2.          each Unit and Warrant will constitute the legally valid and binding obligation of the Company, enforceable against the Company in accordance with its respective terms, except as may be limited by bankruptcy, insolvency, reorganization, moratorium or similar laws relating to or affecting creditors’ rights generally (including, without limitation, fraudulent conveyance laws) and by general principles of equity, including, without limitation, concepts of materiality, reasonableness, good faith and fair dealing and the possible unavailability of specific performance or injunctive relief, regardless of whether considered in a proceeding in equity or at law; and

3.          the Underlying Shares will be validly issued, fully paid and non-assessable.

Our opinion as to the enforceability of the Units and Warrants is subject to: (i) public policy considerations, statutes or court decisions that may limit the rights of a party to obtain indemnification against its own negligence, willful misconduct or unlawful conduct; (ii) the unenforceability under certain circumstances of broadly or vaguely stated waivers or waivers of rights granted by law where the waivers are against public policy or prohibited by law; (iii) the unenforceability under certain circumstances of provisions imposing penalties, liquidated damages or other economic remedies; (iv) the unenforceability under certain circumstances of provisions appointing one party as trustee for an adverse party or provisions for the appointment of a receiver; (v) the unenforceability of provisions waiving a right to a jury trial; (vi) the unenforceability under certain circumstances of choice of law provisions; and (vii) the unenforceability of confession of judgment provisions.

We are opining herein as to the present law of the State of New York and the current Delaware General Corporation Law. The law covered in our opinion as to the enforceability of the Units and the Warrants is limited to the present law of the State of New York. We express no opinion herein as to any other laws, statutes, regulations or ordinances of any other jurisdiction.

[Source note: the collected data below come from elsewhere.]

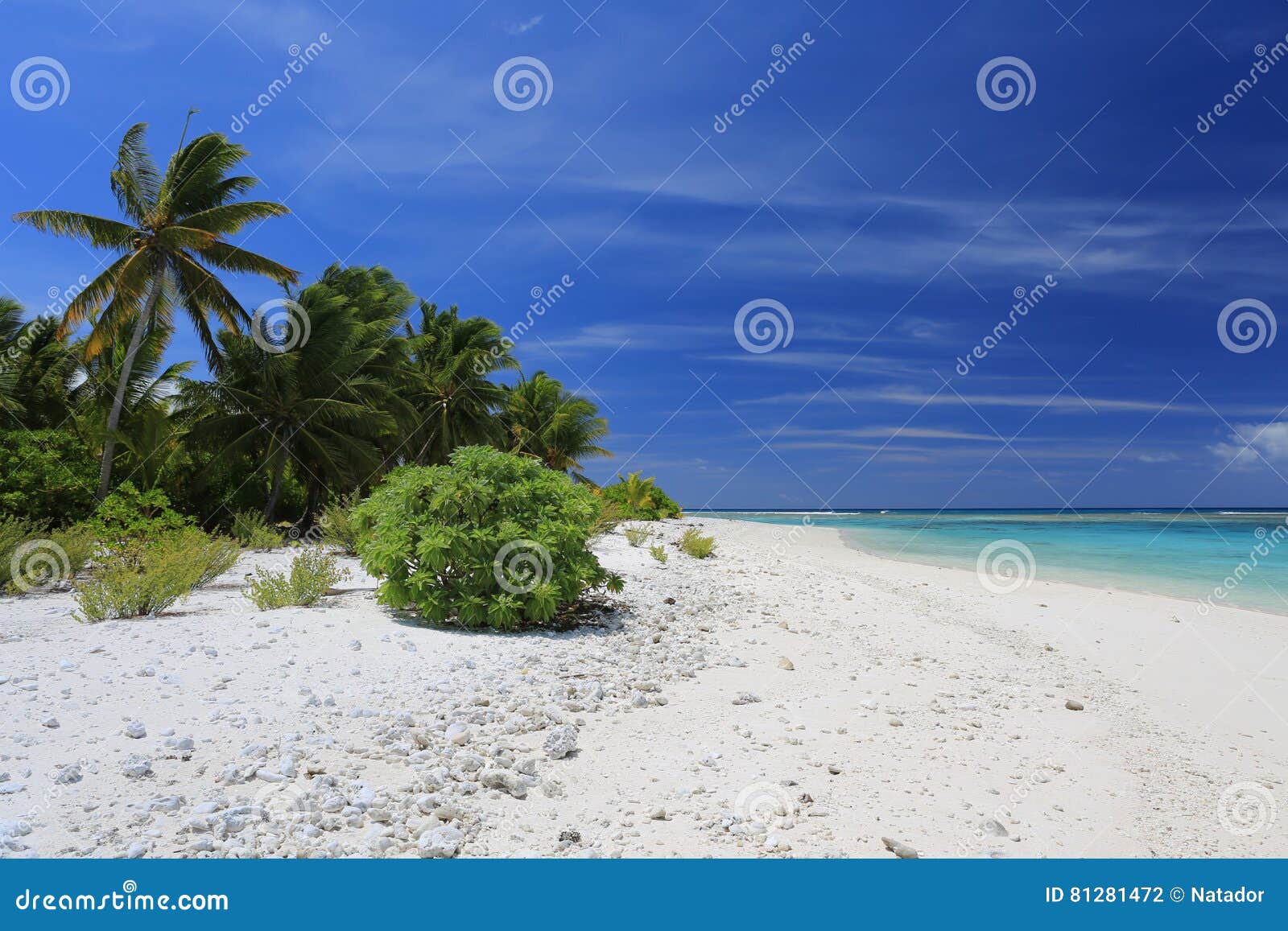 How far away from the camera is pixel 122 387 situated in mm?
18312

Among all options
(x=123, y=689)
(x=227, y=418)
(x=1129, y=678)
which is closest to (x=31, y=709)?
(x=123, y=689)

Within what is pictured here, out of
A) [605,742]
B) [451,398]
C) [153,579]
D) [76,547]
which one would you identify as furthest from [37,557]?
[451,398]

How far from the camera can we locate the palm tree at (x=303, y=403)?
72.0ft

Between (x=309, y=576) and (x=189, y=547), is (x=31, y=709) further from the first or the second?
(x=189, y=547)

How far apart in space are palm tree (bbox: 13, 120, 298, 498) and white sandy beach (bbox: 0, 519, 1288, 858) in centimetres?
1271

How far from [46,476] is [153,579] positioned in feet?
38.7

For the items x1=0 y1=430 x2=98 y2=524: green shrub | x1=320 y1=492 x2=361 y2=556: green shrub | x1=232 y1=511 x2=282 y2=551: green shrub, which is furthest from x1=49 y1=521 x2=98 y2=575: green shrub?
x1=320 y1=492 x2=361 y2=556: green shrub

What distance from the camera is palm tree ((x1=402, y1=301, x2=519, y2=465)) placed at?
30562mm

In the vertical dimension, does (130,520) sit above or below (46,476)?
below

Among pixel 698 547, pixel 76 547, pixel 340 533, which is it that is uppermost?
pixel 698 547

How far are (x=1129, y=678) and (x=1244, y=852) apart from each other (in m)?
4.42

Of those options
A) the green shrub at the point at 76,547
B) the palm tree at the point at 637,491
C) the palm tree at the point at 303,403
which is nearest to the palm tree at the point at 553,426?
the palm tree at the point at 637,491

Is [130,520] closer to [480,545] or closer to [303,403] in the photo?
[303,403]

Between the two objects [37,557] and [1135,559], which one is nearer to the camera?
[37,557] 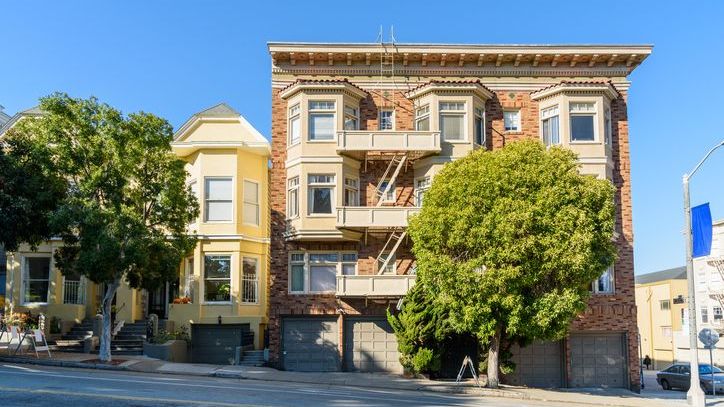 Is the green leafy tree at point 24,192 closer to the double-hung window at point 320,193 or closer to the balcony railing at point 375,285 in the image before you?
the double-hung window at point 320,193

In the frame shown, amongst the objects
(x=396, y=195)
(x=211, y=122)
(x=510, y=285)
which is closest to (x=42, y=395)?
(x=510, y=285)

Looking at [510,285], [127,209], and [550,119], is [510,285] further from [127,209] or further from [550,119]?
[127,209]

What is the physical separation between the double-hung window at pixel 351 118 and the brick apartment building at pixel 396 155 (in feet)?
0.26

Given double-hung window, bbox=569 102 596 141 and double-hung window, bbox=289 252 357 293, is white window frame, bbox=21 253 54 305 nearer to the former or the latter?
double-hung window, bbox=289 252 357 293

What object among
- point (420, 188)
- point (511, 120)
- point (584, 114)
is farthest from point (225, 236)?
point (584, 114)

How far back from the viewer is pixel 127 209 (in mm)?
22984

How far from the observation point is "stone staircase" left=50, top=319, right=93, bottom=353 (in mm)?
26875

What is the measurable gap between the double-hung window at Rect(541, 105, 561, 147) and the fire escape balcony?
4682 millimetres

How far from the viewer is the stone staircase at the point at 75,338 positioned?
88.2 feet

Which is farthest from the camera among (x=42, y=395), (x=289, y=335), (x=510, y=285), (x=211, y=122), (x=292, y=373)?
(x=211, y=122)

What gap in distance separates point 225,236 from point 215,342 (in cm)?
450

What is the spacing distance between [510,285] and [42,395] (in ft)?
Result: 44.2

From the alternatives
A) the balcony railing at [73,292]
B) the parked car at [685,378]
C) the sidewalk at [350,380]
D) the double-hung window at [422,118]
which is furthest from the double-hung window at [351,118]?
the parked car at [685,378]

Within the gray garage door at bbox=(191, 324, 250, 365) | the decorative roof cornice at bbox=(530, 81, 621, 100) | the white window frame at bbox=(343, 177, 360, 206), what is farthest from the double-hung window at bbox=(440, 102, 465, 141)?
the gray garage door at bbox=(191, 324, 250, 365) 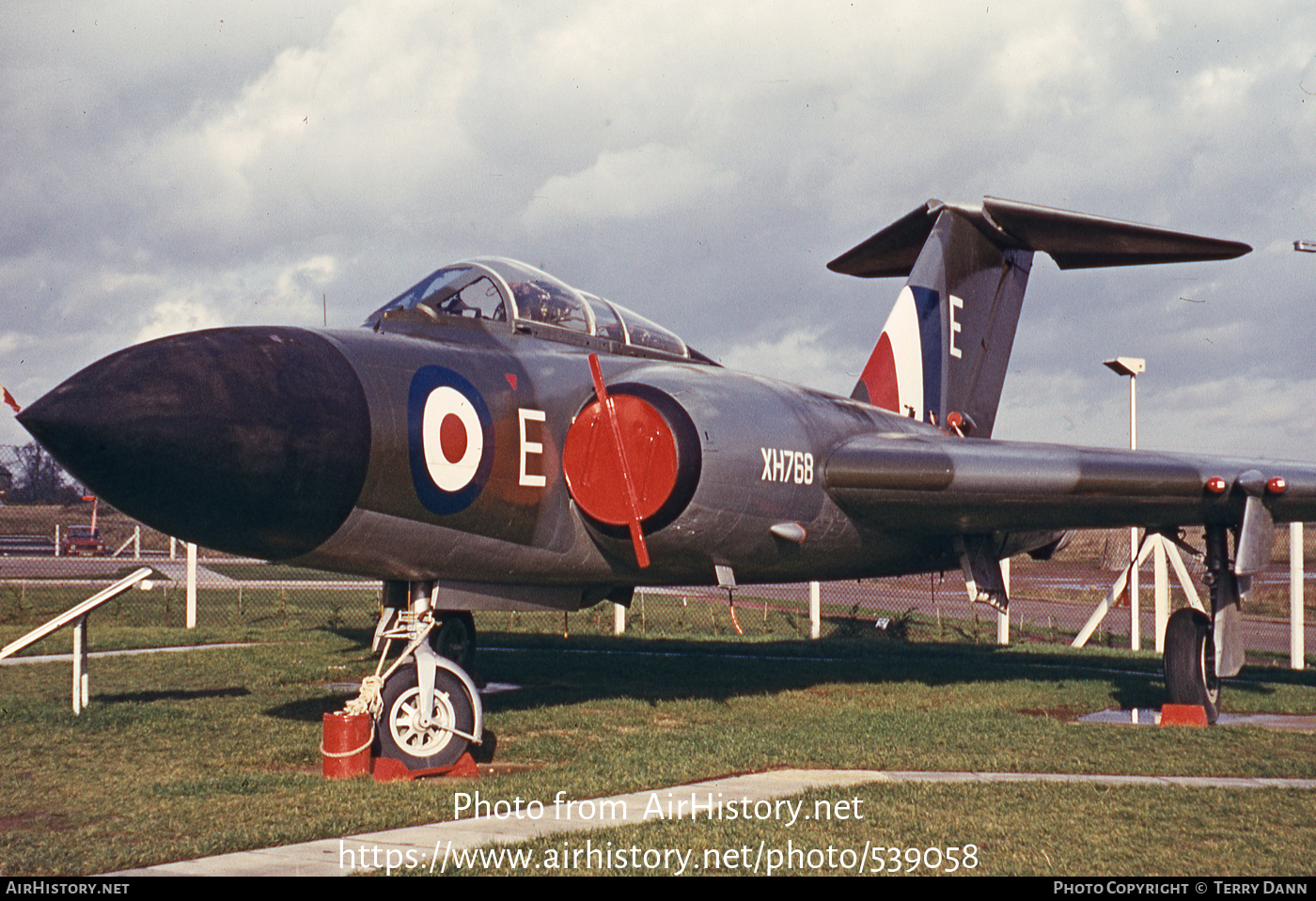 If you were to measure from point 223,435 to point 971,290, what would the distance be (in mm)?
12120

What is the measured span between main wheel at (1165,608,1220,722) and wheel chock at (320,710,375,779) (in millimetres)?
8944

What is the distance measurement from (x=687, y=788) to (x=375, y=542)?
9.73 feet

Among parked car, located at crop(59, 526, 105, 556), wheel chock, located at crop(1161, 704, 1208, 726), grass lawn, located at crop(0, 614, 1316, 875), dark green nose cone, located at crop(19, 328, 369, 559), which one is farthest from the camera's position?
parked car, located at crop(59, 526, 105, 556)

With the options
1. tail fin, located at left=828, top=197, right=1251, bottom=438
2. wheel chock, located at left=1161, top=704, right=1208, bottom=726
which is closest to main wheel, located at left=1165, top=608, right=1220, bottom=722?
wheel chock, located at left=1161, top=704, right=1208, bottom=726

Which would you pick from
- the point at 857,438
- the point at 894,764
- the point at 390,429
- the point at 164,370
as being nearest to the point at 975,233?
the point at 857,438

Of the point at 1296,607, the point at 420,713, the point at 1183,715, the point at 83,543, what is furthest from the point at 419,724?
the point at 83,543

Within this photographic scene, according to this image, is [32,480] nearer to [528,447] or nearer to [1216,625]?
[528,447]

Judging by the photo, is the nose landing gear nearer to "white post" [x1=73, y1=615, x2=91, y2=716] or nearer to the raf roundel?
the raf roundel

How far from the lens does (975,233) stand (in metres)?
16.4

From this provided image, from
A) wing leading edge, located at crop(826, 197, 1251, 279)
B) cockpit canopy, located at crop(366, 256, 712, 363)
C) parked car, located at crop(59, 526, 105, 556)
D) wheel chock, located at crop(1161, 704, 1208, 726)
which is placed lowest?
wheel chock, located at crop(1161, 704, 1208, 726)

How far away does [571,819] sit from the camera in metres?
6.94

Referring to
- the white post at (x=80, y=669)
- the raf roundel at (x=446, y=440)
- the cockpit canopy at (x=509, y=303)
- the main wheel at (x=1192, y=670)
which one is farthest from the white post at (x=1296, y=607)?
the white post at (x=80, y=669)

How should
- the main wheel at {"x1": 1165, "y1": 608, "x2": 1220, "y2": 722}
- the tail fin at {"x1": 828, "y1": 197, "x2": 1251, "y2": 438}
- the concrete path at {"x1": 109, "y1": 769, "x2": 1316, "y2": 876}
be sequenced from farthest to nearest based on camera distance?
the tail fin at {"x1": 828, "y1": 197, "x2": 1251, "y2": 438}, the main wheel at {"x1": 1165, "y1": 608, "x2": 1220, "y2": 722}, the concrete path at {"x1": 109, "y1": 769, "x2": 1316, "y2": 876}

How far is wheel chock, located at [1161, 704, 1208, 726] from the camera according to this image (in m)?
12.0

We hereby consent to your filing of this opinion as an exhibit to the Registration Statement and to the reference to our firm under the heading “Legal Matters” in the Prospectus constituting part of the Registration Statement. We further consent to the incorporation by reference of this letter and consent into any registration statement filed pursuant to Rule 462(b) with respect to the Securities. In giving such consent, we do not thereby admit that we are in the category of persons whose consent is required under Section 7 of the Act or the rules and regulations of the Commission thereunder.